From our UK correspondent Shaun Hollick, who muses on growing up in the aftermath of WW2 and lessons learnt
The legacy of WW2 was my school friends initially. German, Polish, Yugoslavian, and Hungarians fled the USSR as it was Europe’s deathbed.
Growing up we could tell that our future would be greatly different to that of our parents.
During the war, countries such as the US and Russia stripped technology from the UK and Germany. For example, the US got hold of RAF and Luftwaffe technology.
In a broad sense to this day it could be said that we are indebted colonies to these major global forces. By the indebtedness of the smaller nations I mean loans/policies imposed by the International momentary fund (USA) or direct control by Russia.

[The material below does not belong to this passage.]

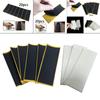20 Pieces Professional Fingerboard Tape Skateboard Foam Tape Stickers for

UK industry at home was run by the aristocrats. Badly in my view. It seems with taking all our expertise to America.
The UK struggled globally to export it’s technology, goods and professional expertise. Unfortunately, in my view its trade was fuelled by corruption and ineptitude.
In the past decades we have seen UK industry deteriorate. After the war, the Empire came home to the flattened rubble of bombed industrial Derby. Rebuilt in the 1960s, it’s now rubble again courtesy of corruption.
The wartime generation is now largely dead. And it seems to me that very little has been learnt. Power and the corruption that comes with it continue to erode many facets of society, hampering growth.
It seems to me that the smaller nations have been sidelined in the interests of the larger countries – for resources such as energy, minerals, capital, technology and so on.
Perhaps technology and robots will have the last laugh. And the loudest. Technology is reaching such a point that it can play a destructive role even for the present giant nations.